-------- Exercise data --------

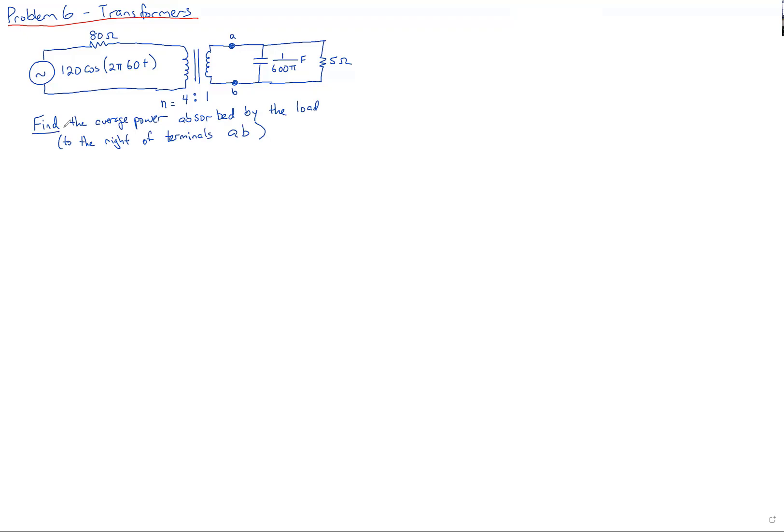Here's the circuit we're given. It has an AC source and an 80Ω resistor on the primary side of the transformer. On the secondary side it has a capacitor and a resistor. The question asks us to find the average power absorbed by the load to the right of the AB terminal.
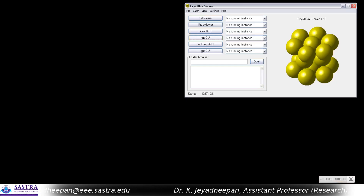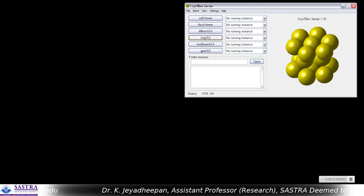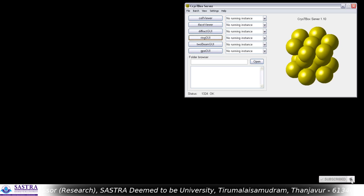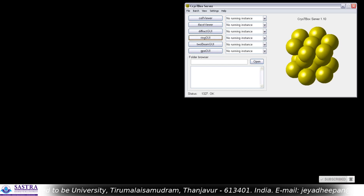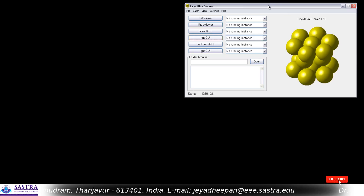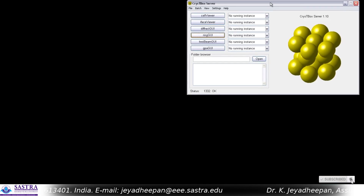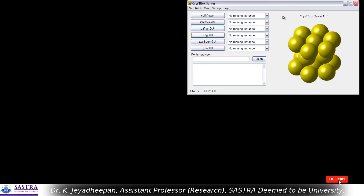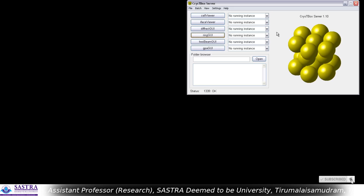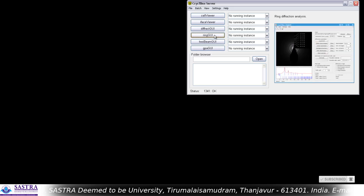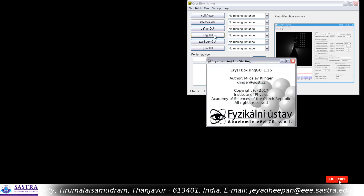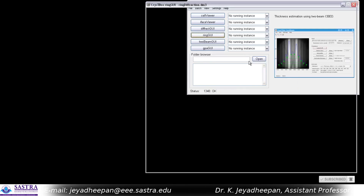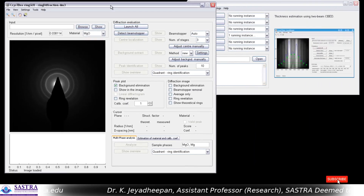Hello students and friends. In this video I'm going to show you a short demo on the indexing of ring patterns of selected area electron diffraction (SAED) analysis. For this I'm going to use one tool called CrysTBox. I am going to use the GUI called Ring GUI of the CrysTBox server, so I'm opening the Ring GUI.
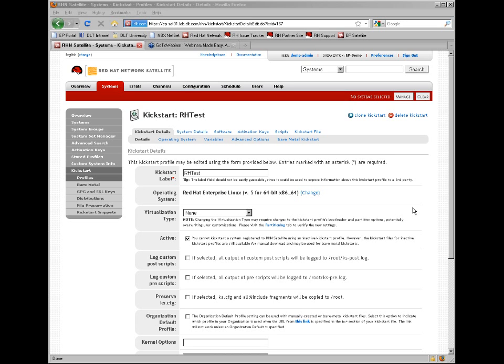The activation keys will provide for additional channel selection, software installation, entitlements, etc., via activation key. Scripts for creating pre- and post-section actions. And then the kickstart tab will show you the actual kickstart file.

--------

Omitting the images, copy the listing exactly.

The completed task:
Here's the circuit we're given. It has an AC source and an 80Ω resistor on the primary side of the transformer. On the secondary side it has a capacitor and a resistor. The question asks us to find the average power absorbed by the load to the right of the AB terminal.
Hello students and friends. In this video I'm going to show you a short demo on the indexing of ring patterns of selected area electron diffraction (SAED) analysis. For this I'm going to use one tool called CrysTBox. I am going to use the GUI called Ring GUI of the CrysTBox server, so I'm opening the Ring GUI.
The activation keys will provide for additional channel selection, software installation, entitlements, etc., via activation key. Scripts for creating pre- and post-section actions. And then the kickstart tab will show you the actual kickstart file.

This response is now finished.